In the post-match press conference following Arsenal’s nervy 3-1 win against Olympiacos in the Europa League first-leg tie, our friend Nick Callow presented Mikel Arteta with a very interesting question…
Callow asked whether the Gunners are their own ‘biggest opponent’ and whether talk that they are their ‘own worst enemy’ is accurate. Arteta responded with ‘Yeah, they are not far off.’
Arsenal took the lead in the 33rd minute but almost lost it minutes before halftime after some shaky play out of the back from David Luiz almost resulted in a goal – certainly spurred by the star’s no-look feats.
The Gunners did not learn their lesson and paid the price in the 57th minute, Dani Ceballos tried to dribble out of danger after a risky pass from Bernd Leno and Youssef El-Arabi scooped up to score.
Arteta admitted that the goals and the chances conceded are ‘coming from ourselves’.

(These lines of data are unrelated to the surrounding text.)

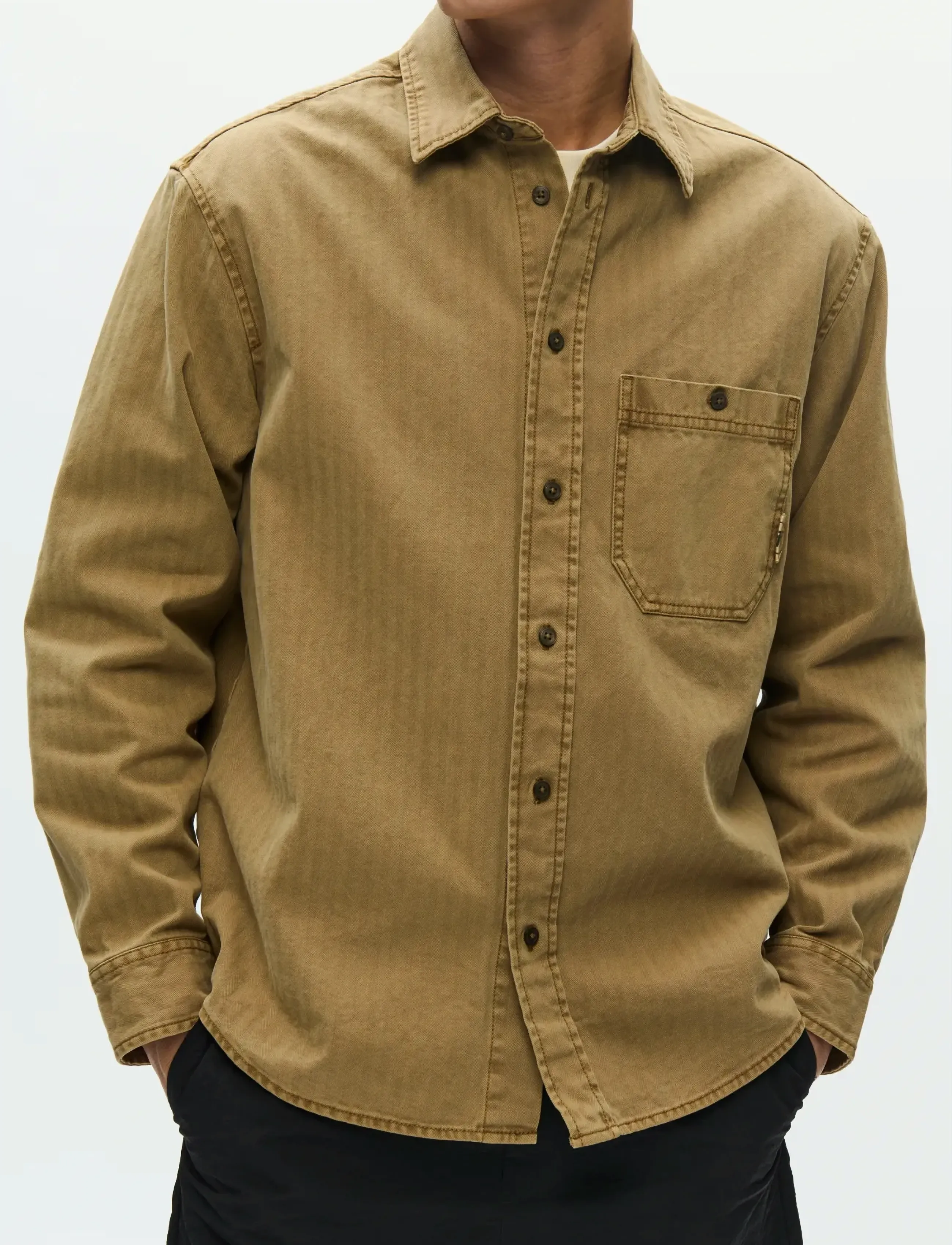 WOOD WOOD - WWCooper shirt 25189 - shop efter stil - ermine - 4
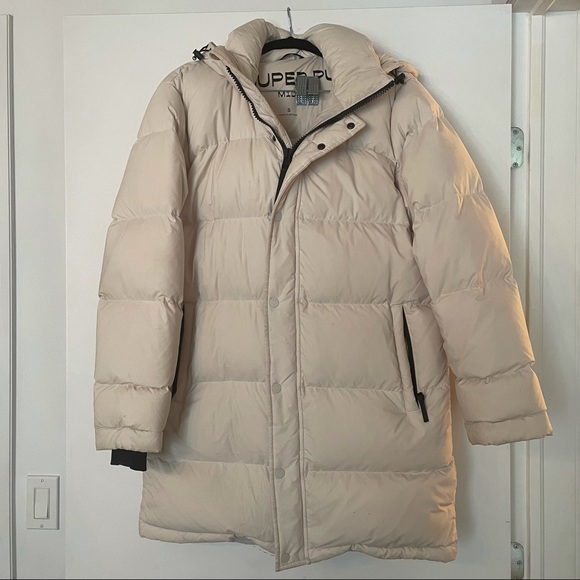 Aritzia Super Puff Mid Length Matte Pearl - Picture 2 of 11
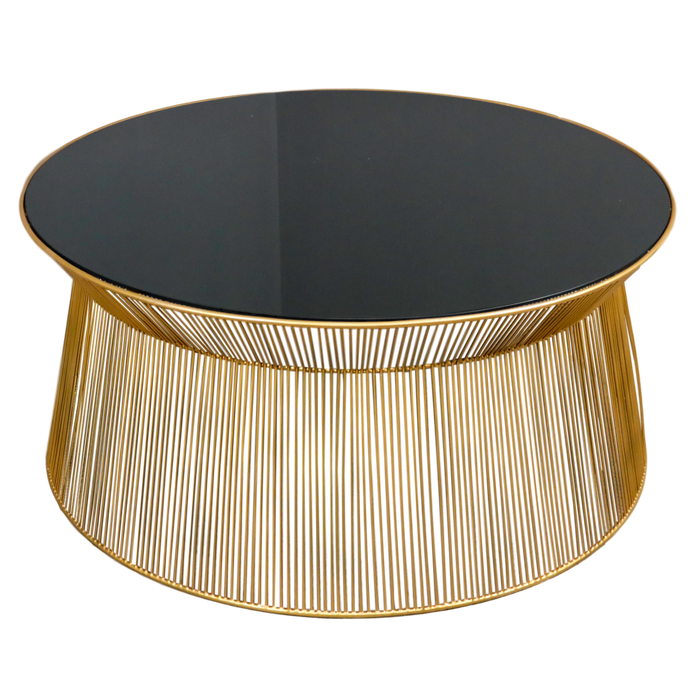 Native Home & Lifestyle Curve Gold Coffee Table - Insta Living
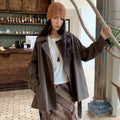 Womens Fashion Double-Breasted Lapel Mid-Length Trench Coat
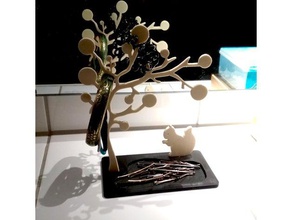 jewelry tree decor jewellry holder stand 3d print model - Mito3D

The Spaniard wanted to look at the positive of this, once the errors are hammered out, the team will be much stronger in some wishful thinking from the Arsenal boss.
Mikel Arteta has commented on whether Arsenal are their ‘own worst enemies’, whilst discussing the ‘unnecessary’ issues the team are creating for themselves… pic.twitter.com/MGgO9SrqQ3
— CaughtOffside (@caughtoffside) March 11, 2021
“Yeah they are not far off. The goals that we have conceded or the chances we have conceded are coming from ourselves.”
“That’s really positive, because the moment we stop it obviously we’re going to be stronger, but the reality is that we have to stop it immediately.”
“If not, the games are all the time there to drop points.”
“It’s my responsibility, I make them play the way we want to play, it’s just understanding the risk and reward – when they are, the balls that we have to play, and as I said before when.”
“We have to get better, if not, it creates tension and insecurity, it creates belief in the opponent and it’s unnecessary.”
Arsenal sit 10th in the Premier League table so the Europa League once again offers them their best chance of returning to the elite Champions League competition.
With that in mind, perhaps the philosophy Arteta is trying to utilise should take a backseat in these fixtures, a spot that could change the falling club’s short and medium-term trajectory is literally at risk.
Arsenal do play some lovely football in possession at times, but they really don’t need to be trying to play out of pressure when they’re backed down in their own defensive third, it’s a proven recipe for their disaster.